Thursday, January 12, 2017

Archaeology: Developing Agamben's Homo Sacer

Zoe And Bios

Zoe and Bios are two terms that indicate Nature and Culture, respectively; and these two terms animate the analytic of Agamben's Homo Sacer.  (Henceforth, HS)

First, it is important to note that zoe, or bare life, is functionally defined by bios, as that which is prior to capture, as that which is not yet included specifically into the citizenry. Yet here the term indicates that which is also included in being excluded. That is, even though Zoe is technically excluded from bios, it is also marked as biopolitical; the process (one might say of domestication) is one of being released from existence (invisible) to zoe (very visible) in order to be included in bios (passable). That is, with zoe, one is banned from bios in order to be included in bios, or, perhaps, to be further excluded. It is the latter moment that constitutes the camp, where one is neither bios nor zoe, if we take zoe to mean the intention for X is to be included in bios. 

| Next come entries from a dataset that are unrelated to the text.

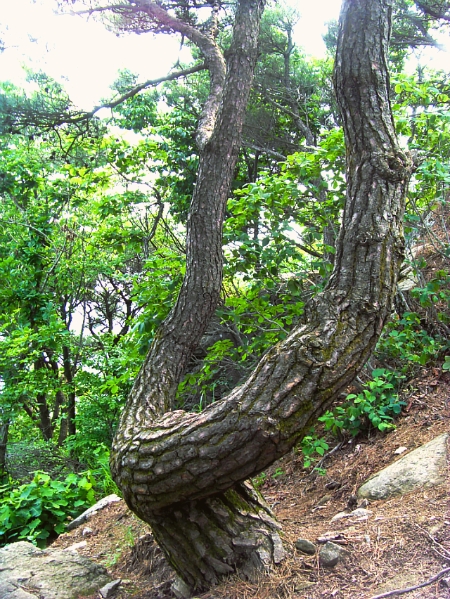 회문산자연휴양림 이미지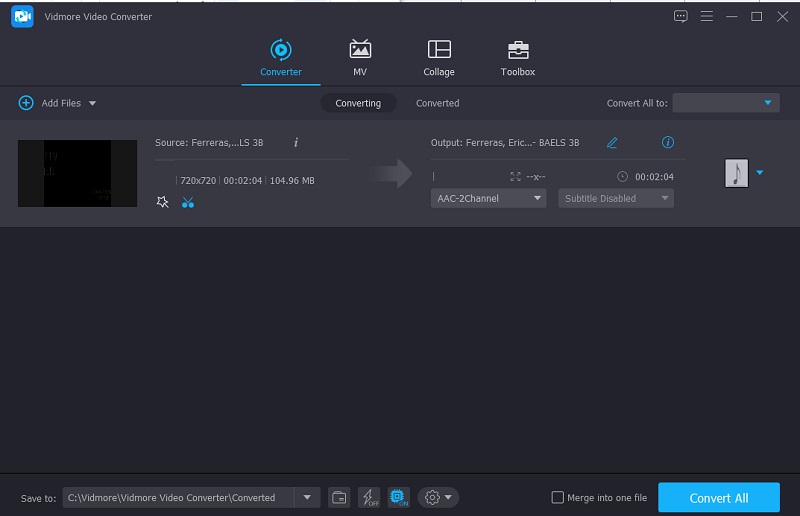 TS-Dateien konvertieren Vidmore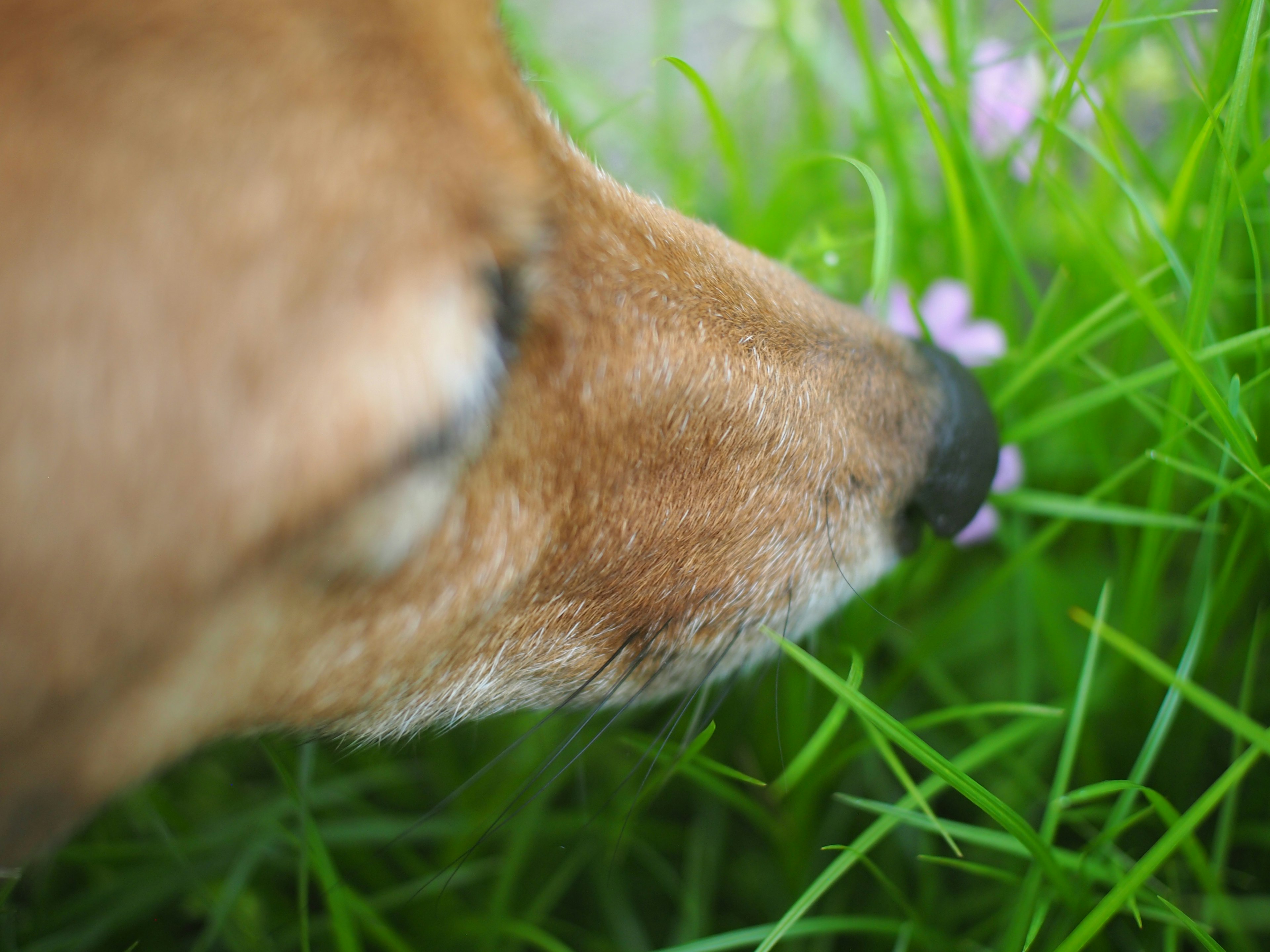 Dog sniffing a flower in the grass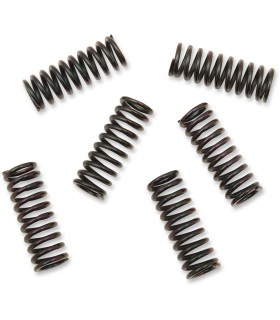 CLUTCH SPRING KIT YAM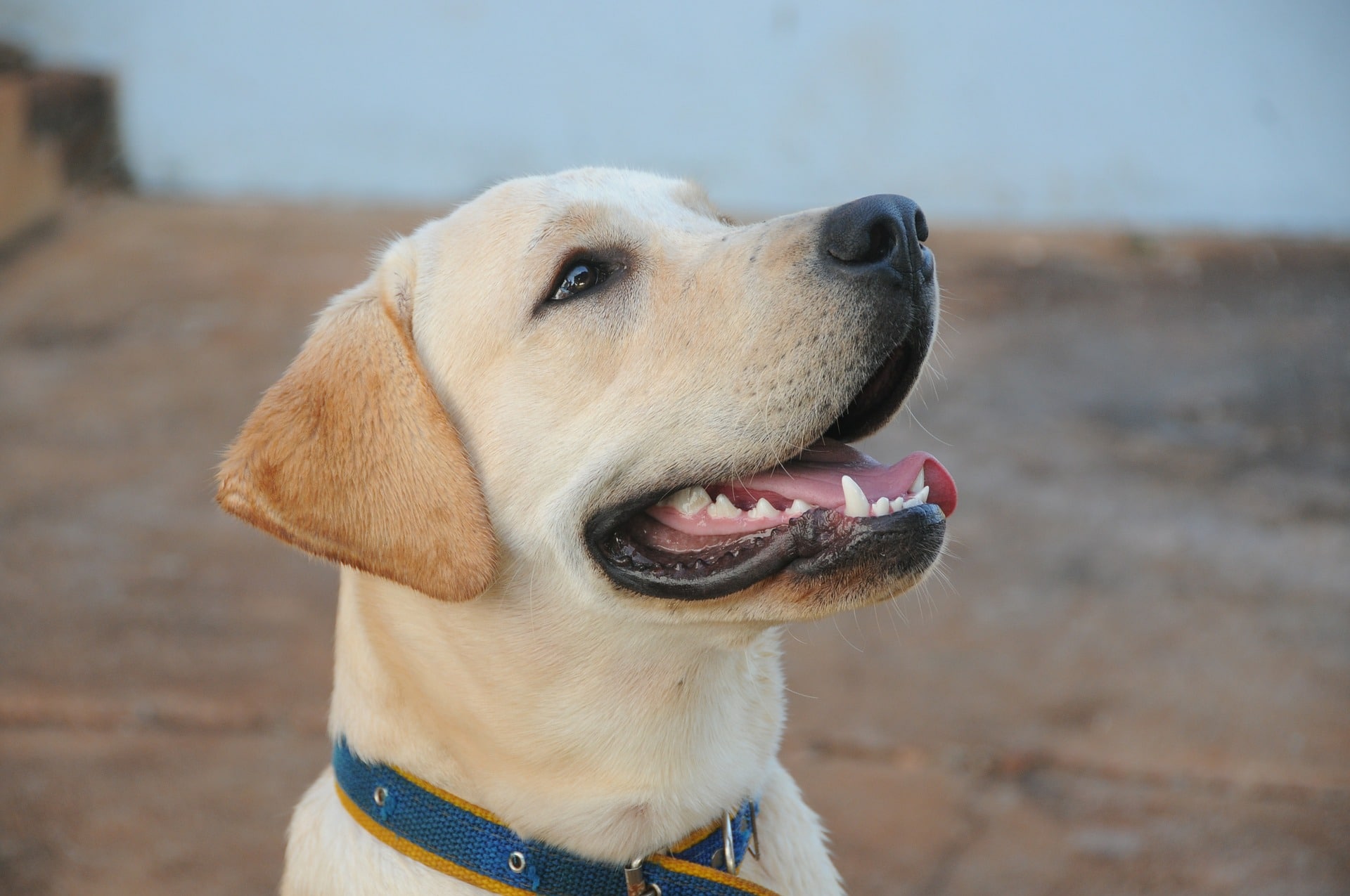 Labrador Retriever: carattere e prezzo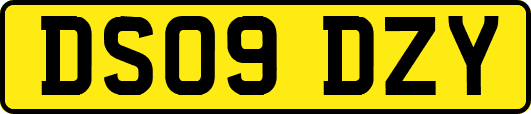 DS09DZY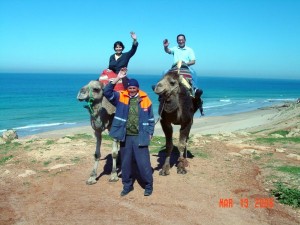 Spain_CamelRideTangerMorocco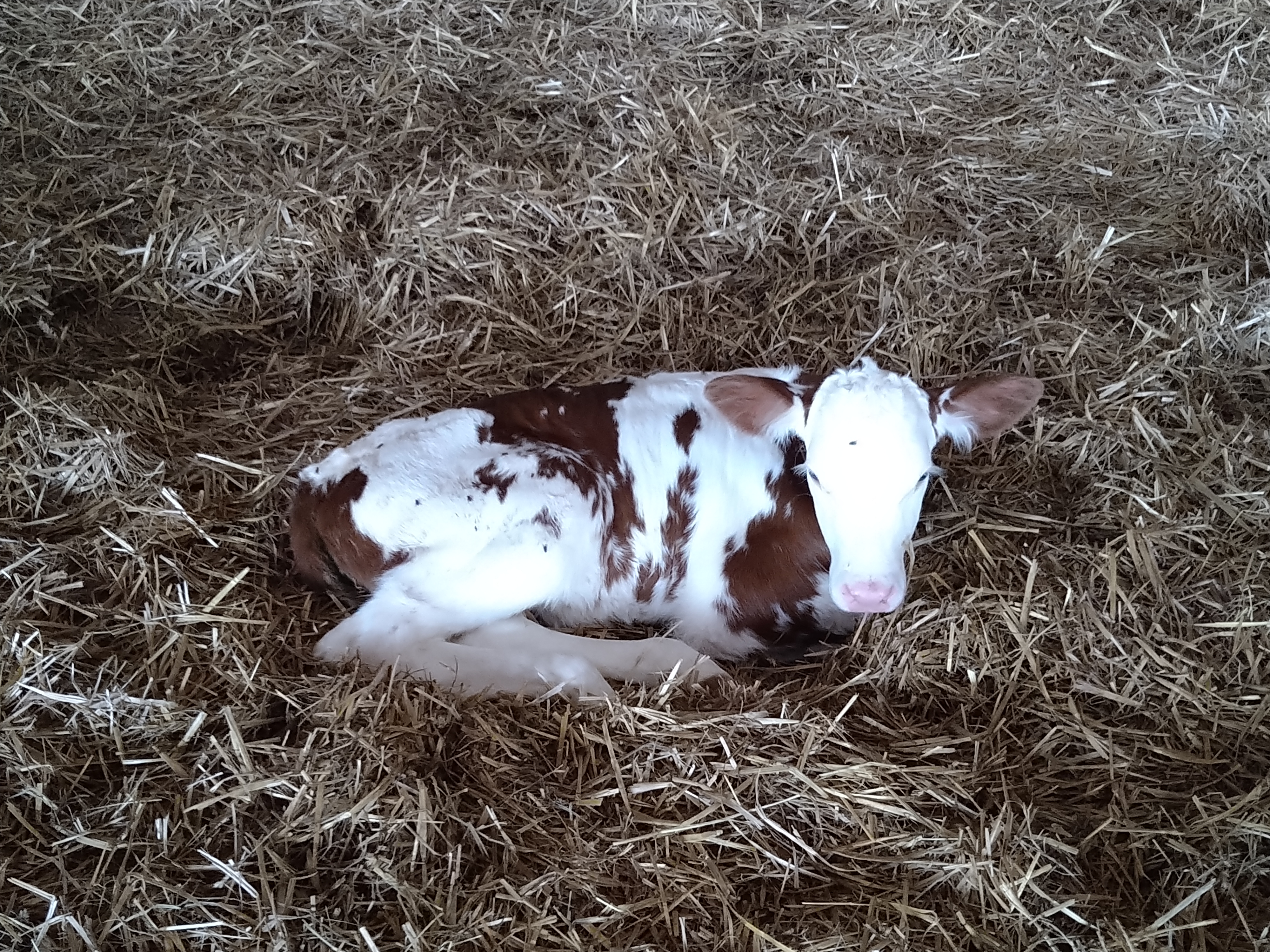 Photo n° 5 de l'avis de Cedric.i fait le 26/04/2022 à 15:57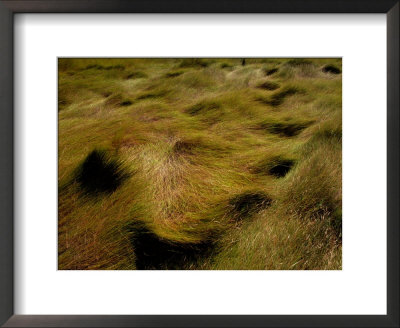 Thick Grasses Blow In The Wind by Todd Gipstein Pricing Limited Edition Print image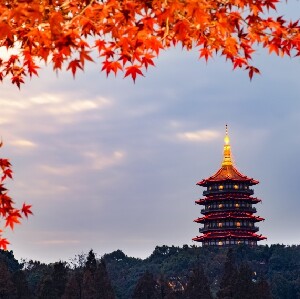 杭州雷峰塔+嶽王廟景區門票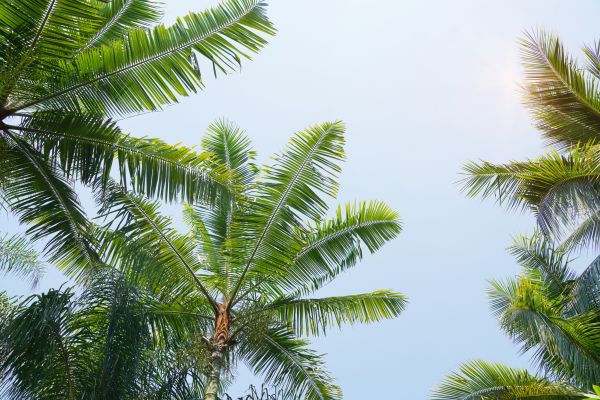 Queen Palm Tree Trimming in Duluth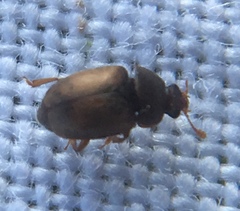 Epuraea melanocephala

This frame of zoe and bios has always been part of the history of the West. Aristotle noted that human being (men, more specifically) is "animal with the capacity for politics" (HS, 3, 7), and yet, in order for it to achieve eudaimonia, it requires being grafted into politics. Of course, not all men were potentially political. According to the history of the concept of The People (cf., Homo Sacer, pp 176-7), the term People traces an index of ambiguity; for the term, "The People", cannot fail to exclude the mass, a group of people incapable of rule, one might say, but of which it would be more precise to say, as rendered incapable of ruling by the ruling class. Aristotle says that the common man, with his hands dirty from the trades, has not acquired the capacity to be contemplative enough to participate in politics. It was always the exclusion of poor people, refugees, migrants, from ruling everyone that made the construction of Zoe possible; yet, if class politics are essential in the modern state, the concentration camp as permanent potential zone isn't surprising. If the need to define bios, traced in Nazi Germany as the need to define the Germanic people by way of eugenics, is part of what we do--and the trace, The People, indicates this possibility--, then the camp is not some distant moment in the past, but is, rather, "the hidden matrix and nomos of the political space in which we are living." (HS, 166).

Sovereignty

The Sovereign is the one that has the legal capacity to establish martial law, which is a legal moment (thus, justified) in which (s)he can suspend the law (HS, 15). In this moment of suspension, the rule of law that certain crimes are punishable, is no longer present. In this moment whereby the sovereign can act as they please, they have legally made themselves an exception to the law; rather than suppose that the chaotic state of nature is left at the gates of the city, those captured by the (papa)ratus are forced to yield (with the threat of remaining zoe to the paparatus), to the sovereign which takes into itself the possibility of redressing the state of nature writ large. The state of nature is not what is prior to domestication; no, the state of nature is the result of the sovereign suspending the rule of law; the creation of chaos (in order to produce the filial desire for order) (HS, 35). Given that the legal function of the Sovereign contains the legal possibility of illegality, or rather, the possibility of this term no longer making sense, the Potentialities of the state conjoin as legality and extra legality, whereby the law and the state of nature become indistinct.  Only the Sovereign is legally outside the application of martial law; everyone within becomes potentially zoe.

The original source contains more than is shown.